Post Holdings increases offering of 6.75% senior notes due 2021 to US$525M; offering expected to close on Nov. 18
November 14, 2013
– Post Holdings, Inc. (NYSE: POST) today announced the pricing of its offering of $450 million aggregate principal amount of 6.75% senior notes due 2021 at par (the "Notes"). In addition, the size of the Notes offering was increased to $525 million. The offering is expected to close on November 18, 2013. The Notes will be unsecured unsubordinated obligations of the Company and will be guaranteed by the Company's domestic subsidiaries, Post Foods, LLC, Attune Foods, LLC, Premier Nutrition Corporation and Premier Protein, Inc. The Company intends to use the net proceeds from the proposed offering to fund the previously announced acquisition of Dakota Growers Pasta Company (in lieu of the $200 million of committed debt financing obtained in connection with the acquisition) and for general corporate purposes, which could include, among other things, financing additional acquisition opportunities, working capital and capital expenditures. The offering is not contingent on the consummation of the acquisition of Dakota Growers, and if the acquisition does not close, all of the proceeds of the offering would be used for general corporate purposes.

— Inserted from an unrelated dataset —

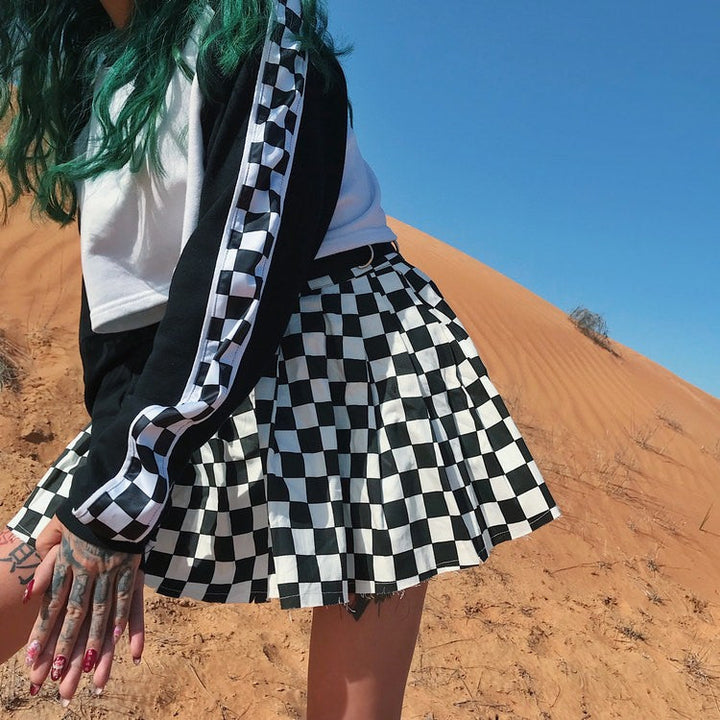 Checkered Mini Skirt - Vedlit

The Notes and the related subsidiary guarantees are being offered in the United States to qualified institutional buyers in an offering exempt from registration pursuant to Rule 144A under the Securities Act of 1933, as amended (the "Securities Act"), and to persons outside the United States in compliance with Regulation S under the Securities Act.
The Notes and the related subsidiary guarantees have not been registered under the Securities Act, or any state securities laws, and unless so registered, may not be offered or sold in the United States except pursuant to an exemption from, or in a transaction not subject to, the registration requirements of the Securities Act and applicable state securities laws. This press release does not constitute an offer to sell or the solicitation of an offer to buy any security and shall not constitute an offer, solicitation or sale in any jurisdiction in which such offering, solicitation or sale would be unlawful. This press release is being issued pursuant to and in accordance with Rule 135c under the Securities Act.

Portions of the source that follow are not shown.